For decades television favoured the orderly and streamlined: everything was resolved by the end of the episode. But in the streaming age the inexplicable is addictive and it is chaos – not certainty – that flourishes. As the bounds of scripted drama have opened up, the weird and mysterious have taken hold. the search for answers has become a quest, sometimes hopeless, to merely comprehend the questions.
In that spirit, here are the five bizarrely best mystery series currently streaming that seek the true stranger things.
Black Spot (Netflix, two seasons)
Netflix’s EU-mandated European commissions have produced no shortage of pungent procedurals in which the extraordinary infringes on the everyday.

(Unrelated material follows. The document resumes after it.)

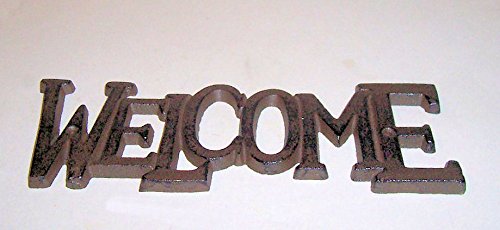“ABC Products” – Heavy Cast Iron ~ Colonal Design – Welcome Sign – With That Old Country – Wall Hanging Sign – Indoor or Outdoor Use (Old Vintage Rustic Color)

This French series, set in an isolated mountain town where both the mobile signal and reason are at best intermittent, is one of the best.
Framed by walls of green trees that reach higher than the characters can see, Black Spot begins with the arrival of an outside prosecutor, Franck Siriani (Laurent Capulleto), tasked with clearing the backlog of cases drafted by the local police chief. She is Laurene Weiss (Sulianne Brahim), whose own teenage disappearance is part of the town’s lore. The verdant wilderness feels connected to the crimes they investigate, as if the wrongdoing has its very roots in the district’s soil.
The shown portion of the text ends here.